Lendemains qui pulsent

Déployé en 2020-2021 à titre expérimental dans le cadre de CNE, ce programme doit prendre son autonomie sous le nom de Connect it et s’inscrit dans un volet d’innovations pédagogiques mûries toutes portes fermées, pendant la crise sanitaire. À Connect it s’ajoute ainsi Game Factory, Born Social, autour de l’identité numérique sur les réseaux sociaux, et Écofresque qui les sensibilise à l’écologie dans la ville du futur. « Les thématiques ont été définies avec les enseignants. Depuis quelques années, les besoins tournent autour des dérives d’internet, des addictions, du développement du sens critique, explique Elsa Wardé.
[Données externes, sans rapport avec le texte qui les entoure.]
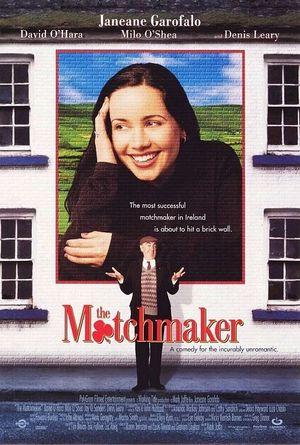 The MatchMaker's poster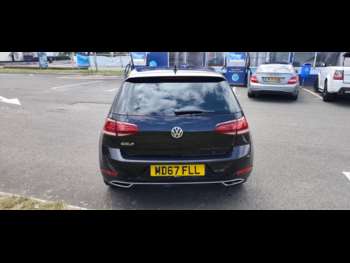 Used Volkswagen Golf 2018 for sale - 75270409: Photo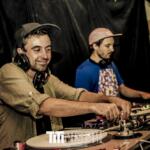Dj Watt’s Up – La Bobine – 18/08/2015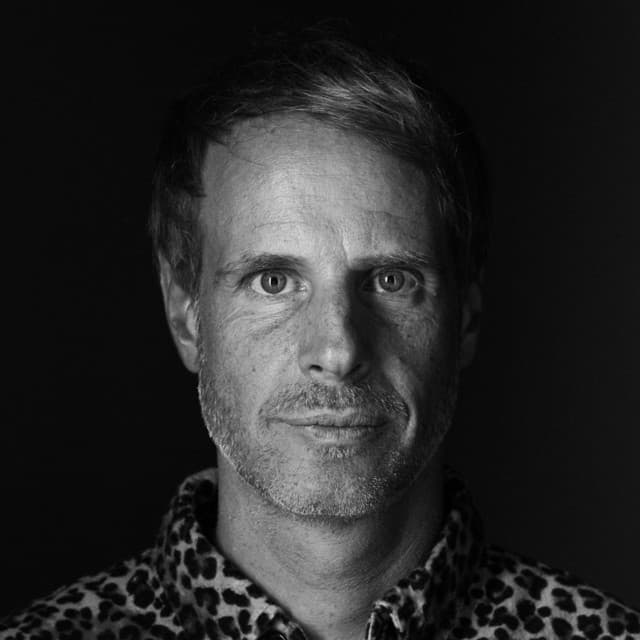 Jo Blankenburg profile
Le côté maker, entreprenarial, reste aussi au cœur de notre approche car c’est la meilleure façon pour les enfants de s’emparer de ces sujets. » L’ambition est de déployer largement ces programmes auprès des « publics éloignés » dans les hôpitaux, les quartiers prioritaires de politique de la ville, les structures d’insertion. Un fonds ouvert aux mécènes vient pour cela d’être créé. « Je pense qu’on est arrivé au bon moment, celui où l’on passait de l’utopie au concret, estime, avec le recul, Nils Aziosmanoff. En vingt ans, on a prototypé quelque chose, on l’a hypertesté. Aujourd’hui, je dirais qu’on est prêts à démarrer ! » Le Cube qui fêtera cet anniversaire en septembre compte ainsi entamer cette nouvelle décennie pied au plancher.